A duo of researchers reports isotopic differences between Moon and Earth rocks that provide the first experimental evidence that can discriminate between the two leading models for the Moon’s origin.
In one model, a low-energy impact leaves the proto-Earth and Moon shrouded in a silicate atmosphere.
In the other, a much more violent impact vaporizes the impactor and most of the proto-Earth, expanding to form an enormous superfluid disk (more than 500 times bigger than today’s Earth) out of which the Moon eventually crystallizes.
The team’s findings, which support the high-energy model, has been published in the journal Nature.
“Our results provide the first hard evidence that the impact really did (largely) vaporize Earth,” said co-author Dr. Kun Wang, of Washington University in St. Louis.
Dr. Wang and his colleague, Prof. Stein Jacobsen of Harvard University, examined seven lunar rock samples from different lunar missions and compared their potassium isotope ratios to those of eight terrestrial rocks representative of Earth’s mantle.

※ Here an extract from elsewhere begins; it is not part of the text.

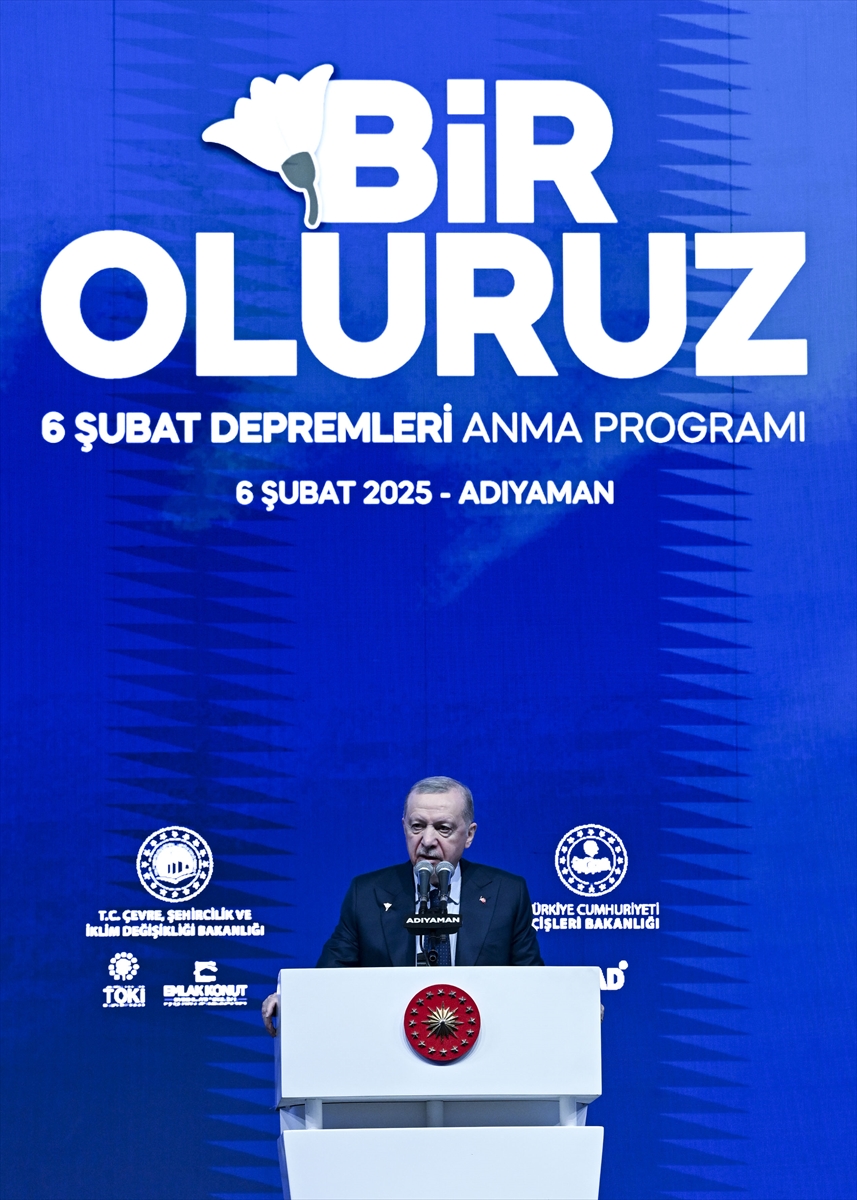 Cumhurbaşkanı Erdoğan, “Bir Oluruz 6 Şubat Depremleri Anma Programı”nda konuştu: (1)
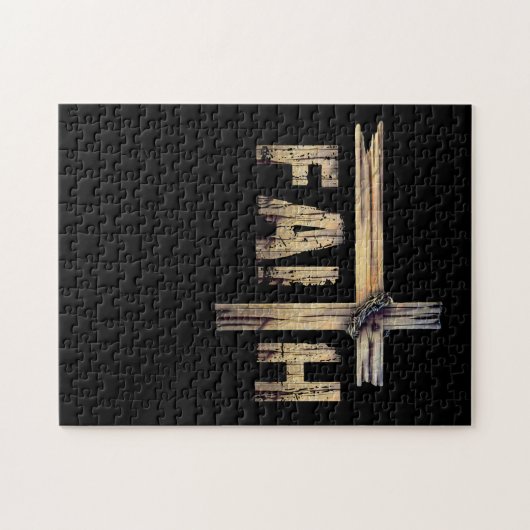 キリスト教信仰と十字架 – キリスト教信仰 ジグソーパズル (横)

Potassium has three stable isotopes, but only two of them, potassium-41 and potassium-39, are abundant enough to be measured with sufficient precision for this study.
The team found that the lunar rocks were enriched by about 0.4 parts per thousand in the heavier isotope of potassium, potassium-41.
“The only high-temperature process that could separate the potassium isotopes in this way is incomplete condensation of the potassium from the vapor phase during the Moon’s formation,” Dr. Wang explained.
Compared to the lighter isotope, the heavier isotope would preferentially fall out of the vapor and condense.
Calculations show, however, that if this process happened in an absolute vacuum, it would lead to an enrichment of heavy potassium isotopes in lunar samples of about 100 parts per thousand, much higher than the value the team found.
“But higher pressure would suppress fractionation,” Dr. Wang said.
For this reason, the researchers predict the Moon condensed in a pressure of more than 10 bar, or roughly 10 times the sea level atmospheric pressure on Earth.
Their finding that the lunar rocks are enriched in the heavier potassium isotope does not favor the silicate atmosphere model, which predicts lunar rocks will contain less of the heavier isotope than terrestrial rocks, the opposite of what the scientists found.
Instead it supports the mantle atmosphere model that predicts lunar rocks will contain more of the heavier isotope than terrestrial rocks.